- First tankōbon volume cover, featuring An

ランド (Rando)
- Genre: Horror; Science fantasy;
- Written by: Kazumi Yamashita
- Published by: Kodansha
- English publisher: NA: Yen Press;
- Imprint: Morning KC
- Magazine: Morning
- Original run: March 13, 2014 – July 9, 2020
- Volumes: 11
- Anime and manga portal

= Land (manga) =

Japanese manga series

Land (ランド, Rando) is a Japanese manga series written and illustrated by Kazumi Yamashita. It was serialized in Kodansha's seinen manga magazine Morning from March 2014 to July 2020, with its chapters collected in 11 tankōbon volumes. The manga has been licensed for English release in North America by Yen Press.

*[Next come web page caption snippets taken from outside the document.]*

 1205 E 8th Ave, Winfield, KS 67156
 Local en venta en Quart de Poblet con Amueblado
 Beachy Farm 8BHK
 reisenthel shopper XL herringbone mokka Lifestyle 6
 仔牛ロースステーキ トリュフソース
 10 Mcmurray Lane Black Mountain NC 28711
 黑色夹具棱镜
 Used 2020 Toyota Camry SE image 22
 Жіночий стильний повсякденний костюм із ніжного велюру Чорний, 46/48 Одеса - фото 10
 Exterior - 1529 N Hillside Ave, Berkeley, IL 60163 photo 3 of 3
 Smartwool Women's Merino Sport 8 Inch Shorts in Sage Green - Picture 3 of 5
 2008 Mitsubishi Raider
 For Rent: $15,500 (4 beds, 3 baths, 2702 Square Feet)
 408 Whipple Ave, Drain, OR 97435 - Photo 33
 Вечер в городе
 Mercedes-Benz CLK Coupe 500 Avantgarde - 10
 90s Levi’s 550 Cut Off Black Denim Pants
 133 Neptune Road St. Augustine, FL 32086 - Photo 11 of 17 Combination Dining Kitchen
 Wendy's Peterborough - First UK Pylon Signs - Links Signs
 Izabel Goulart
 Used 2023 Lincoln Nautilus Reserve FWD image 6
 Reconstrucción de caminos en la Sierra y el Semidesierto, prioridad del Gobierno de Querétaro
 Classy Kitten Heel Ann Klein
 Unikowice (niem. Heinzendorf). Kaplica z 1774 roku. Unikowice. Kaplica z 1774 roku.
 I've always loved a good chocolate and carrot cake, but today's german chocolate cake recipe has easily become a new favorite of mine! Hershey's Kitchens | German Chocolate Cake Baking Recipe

The series won the 25th Tezuka Osamu Cultural Prize in 2021.

== Synopsis ==
The story takes place in a world reminiscent of Japan from the late Edo period to the Taishō era. An (杏), a young girl living in a rural village surrounded by mountains and four great guardian deities, often dreams of what lies beyond the mountains—a place forbidden by village law. By chance, she learns that certain individuals can travel to the other side of the mountains. Pursuing one such person, An begins to glimpse the secrets hidden within her village and the world itself.

== Publication ==
Written and illustrated by Kazumi Yamashita, Land was serialized in Kodansha's seinen manga magazine Morning from March 13, 2014, to July 9, 2020. Kodansha collected its chapters in eleven tankōbon volumes, released from April 23, 2015, to September 18, 2020.

In August 2024, Yamashita confirmed on her Twitter account that an English version was being planned. In February 2025, Yen Press announced that it had licensed the series for English publication and would release it in an omnibus edition. The first volume was released on September 9, 2025.

=== Volumes ===

| No. | Original release date | Original ISBN | English release date | English ISBN |
|---|---|---|---|---|
| 1 | April 23, 2015 | 978-4-06-388402-9 | September 9, 2025 | 979-8-8554-2108-8 |
| 2 | November 20, 2015 | 978-4-06-388459-3 | September 9, 2025 | 979-8-8554-2108-8 |
| 3 | July 22, 2016 | 978-4-06-388624-5 | April 28, 2026 | 979-8-8554-2186-6 |
| 4 | January 23, 2017 | 978-4-06-388699-3 | April 28, 2026 | 979-8-8554-2186-6 |
| 5 | September 22, 2017 | 978-4-06-510273-2 | September 22, 2026 | 979-8-8554-2188-0 |
| 6 | March 23, 2018 | 978-4-06-511093-5 | September 22, 2026 | 979-8-8554-2188-0 |
| 7 | September 21, 2018 | 978-4-06-512801-5 | January 26, 2027 | 979-8-8554-2190-3 |
| 8 | March 22, 2019 | 978-4-06-514956-0 | January 26, 2027 | 979-8-8554-2190-3 |
| 9 | September 20, 2019 | 978-4-06-517134-9 | — | — |
| 10 | March 23, 2020 | 978-4-06-518921-4 | — | — |
| 11 | September 18, 2020 | 978-4-06-520765-9 | — | — |

== Reception ==
Land placed 13th on Takarajimasha's Kono Manga ga Sugoi! ranking of top 20 manga for male readers in 2016. The series ranked 50th, alongside What Did You Eat Yesterday?, on Da Vinci magazine's 17th annual "Book of the Year" 2017 list. In December 2019, Brutus magazine included the series on their "Most Dangerous Manga" list, which included works with the most "stimulating" and thought-provoking themes. The series won the 25th Tezuka Osamu Cultural Prize's Grand Prize in 2021. In 2026, it has been nominated for the Eisner Award's Best U.S. Edition of International Material—Asia category and the Harvey Award's Best Manga category.